Then, I'd write a type checker, probably something like the following. Note that for type checking, we only need to verify that the variable names exist; we don't need their values. However, I've used a single Ctx type for both type checking and evaluation.
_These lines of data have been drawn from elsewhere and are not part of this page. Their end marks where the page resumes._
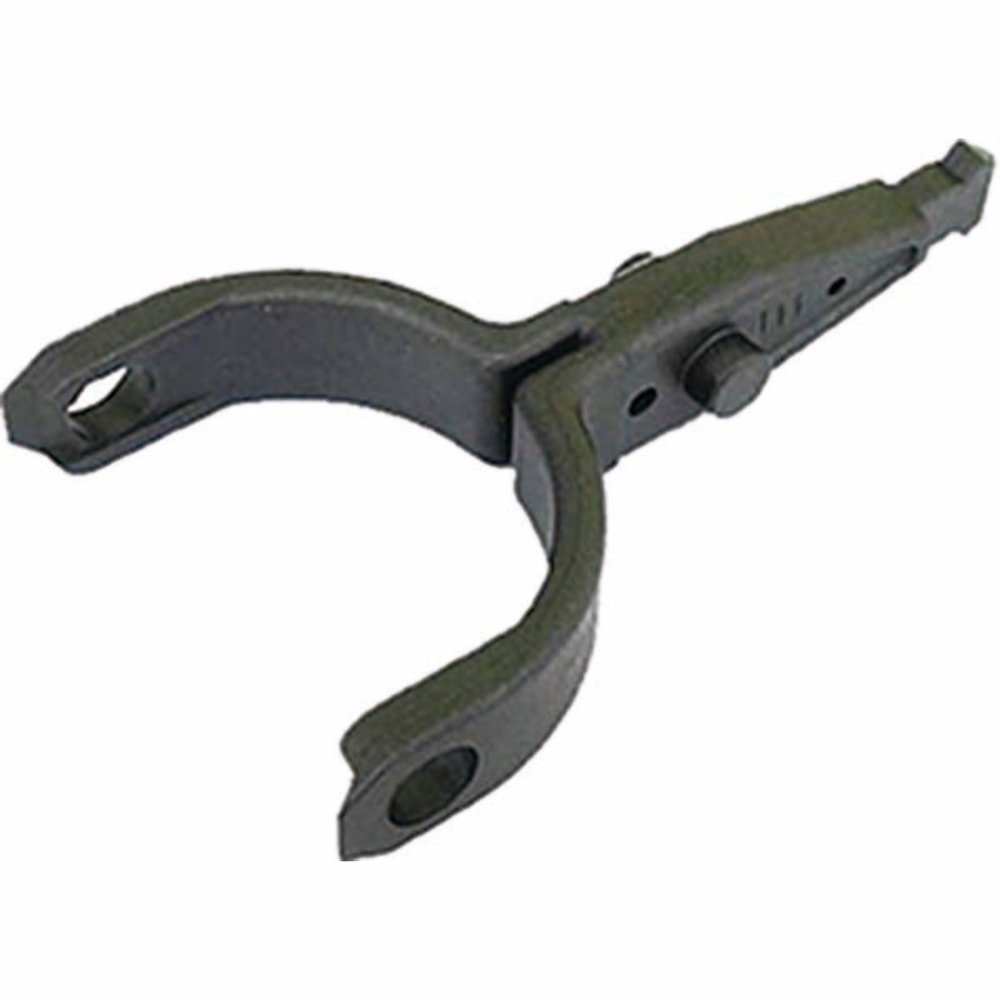 MOTOR PARTIDA VW GOL PARATI G2 G3 10 DENTES 12V ZEN31011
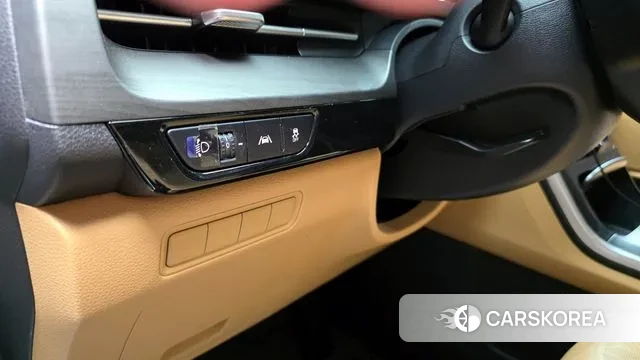 Kia Carnival 4th generation id 3645917 из Кореи 6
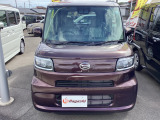 当社ではお車の販売を岡山県・香川県に在住のお客様、岡山県・香川県に隣接する県に在住のお客様のみとさせていただいております。誠に勝手ながら、ご理解とご協力を賜りますようお願い申し上げます。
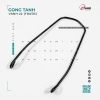 gong-tanh-truoc-xe-vanh-22-ma-sang-deo-chac-de-lap - ảnh nhỏ  1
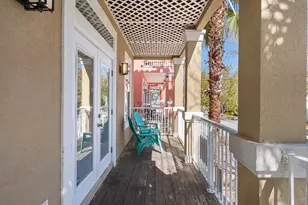 230 Kono Way, Destin, FL 32541 - Photo 23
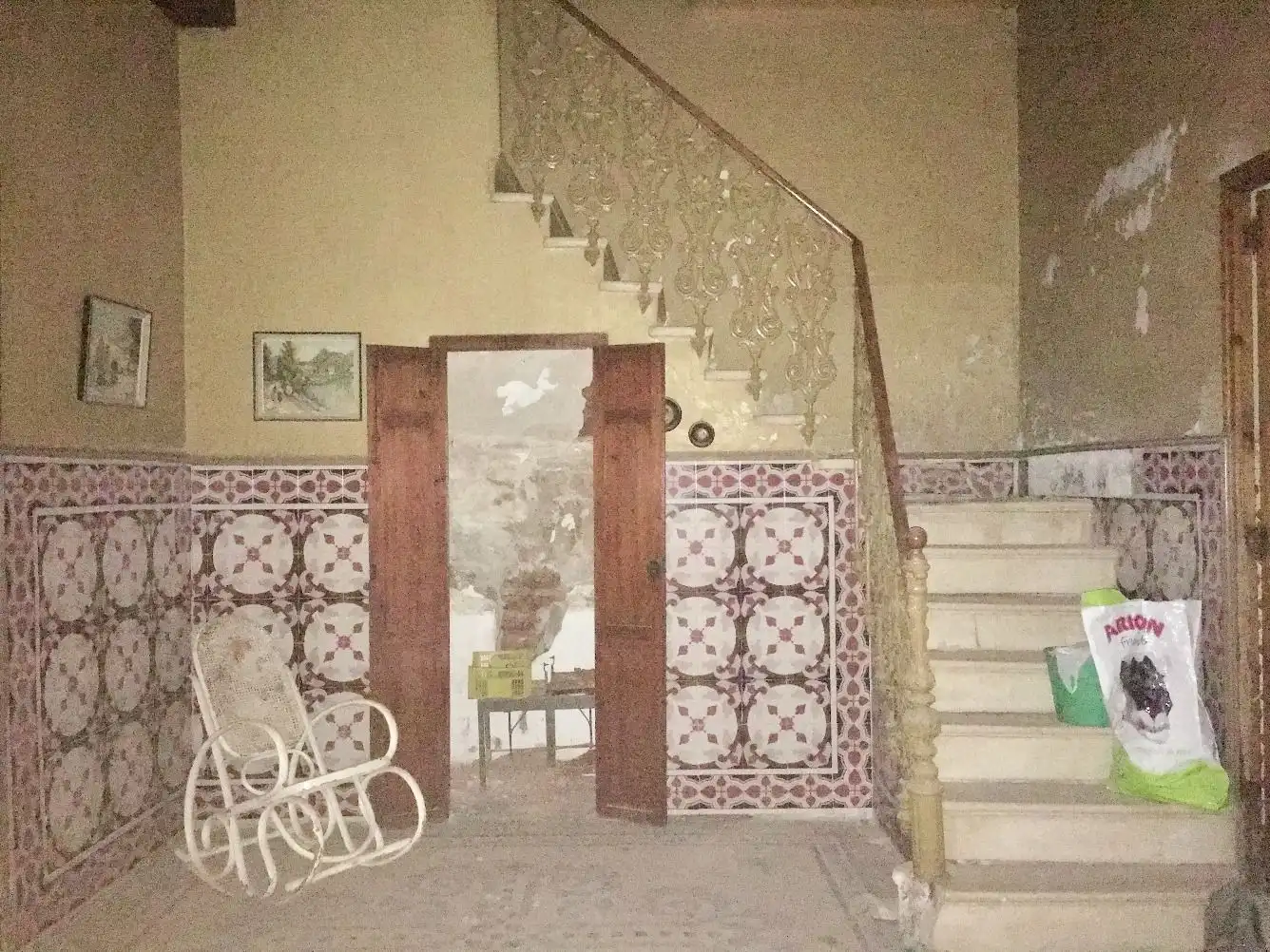 Houses for sale in Avinguda Major, Massamagrell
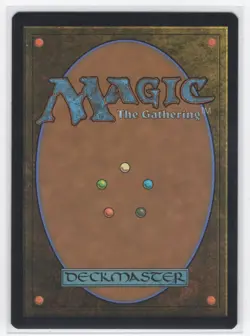 #42 2025 Aetherdrift Commander Grave Titan Mythic - Image 2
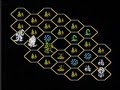 game info/discussion at nesgui.de | 
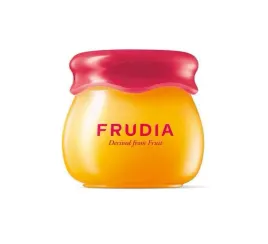 frudia-balsam-do-ust-z-miodem-poj-10-ml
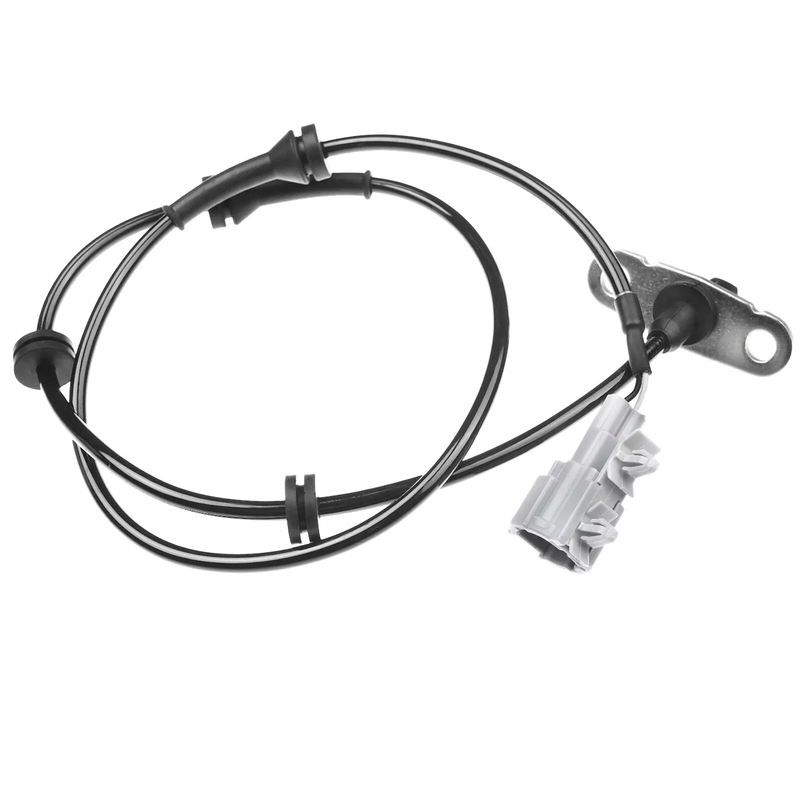ABS Sensor 47900EB300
-- variable context (i.e., variable name/value pairs)
type Ctx = [(String, Int)]

data Expr a where
  I   :: Int  -> Expr Int
  B   :: Bool -> Expr Bool
  Var :: String -> Expr Int
  Add :: Expr Int -> Expr Int -> Expr Int
  Eq  :: (Show (Expr a), Eq a) => Expr a -> Expr a -> Expr Bool
  Mt  :: (Show (Expr a), Ord a) => Expr a -> Expr a -> Expr Bool
deriving instance Show (Expr Bool)
deriving instance Show (Expr Int)

tc_bool :: UExpr -> Reader Ctx (Expr Bool)
tc_bool (UB b) = pure $ B b
tc_bool (UEq x y) = Eq <$> tc_int x <*> tc_int y
tc_bool (UMt x y) = Mt <$> tc_int x <*> tc_int y
tc_bool _ = error "type error: expecting a boolean expression"

tc_int :: UExpr -> Reader Ctx (Expr Int)
tc_int (UI n) = pure $ I n
tc_int (UVar sym)
  = do mval <- asks (lookup sym)
       case mval of Just _ -> pure $ Var sym
                    _      -> error "type error: undefined variables"
tc_int (UAdd x y) = Add <$> tc_int x <*> tc_int y
tc_int _ = error "type error: expecting an integer expression"

test_tc :: IO ()
test_tc = do
  print $ run_tc_bool (UMt (UI 3) (UI 2))
  print $ run_tc_bool (UEq (UVar "MyVar") (UI 0))
  -- now some type errors
  handle showError $ print $ run_tc_bool (UMt (UB False) (UI 2))
  handle showError $ print $ run_tc_bool (UAdd (UEq (UI 1) (UI 1)) (UI 1))

  where showError :: ErrorCall -> IO ()
        showError e = print e

        run_tc_bool e = runReader (tc_bool e) [("MyVar", 42)]

You may be surprised to learn that the most natural way to write a type checker doesn't actually "use" the GADT. It could have been equally easily written using two separate types for boolean and integer expressions. You would have found the same thing if you'd actually tried to parse directly into the GADT. The parser code would need to be pretty cleanly divided between a parser for boolean expressions of type Parser (Expr Bool) and a parser for integer expressions of type Parser (Expr Int), and there'd be no straightforward way to write a single Parser (Expr a).

Really, the advantage of the GADT representation only comes at the evaluation stage where you can write a simple, type-safe evaluator that triggers no "non-exhaustive pattern" warnings, like so:

eval :: Expr a -> Reader Ctx a
eval (I n) = pure n
eval (B b) = pure b
eval (Var sym) = fromJust <$> asks (lookup sym)
eval (Add x y) = ( ) <$> eval x <*> eval y
eval (Eq x y) = (==) <$> eval x <*> eval y
eval (Mt x y) = (>) <$> eval x <*> eval y

test_eval :: IO ()
test_eval = do
  print $ run_eval (Mt (I 3) (I 2))
  print $ run_eval (Eq (Var "MyVar") (I 0))

  where run_eval e = runReader (eval e) [("MyVar", 42)]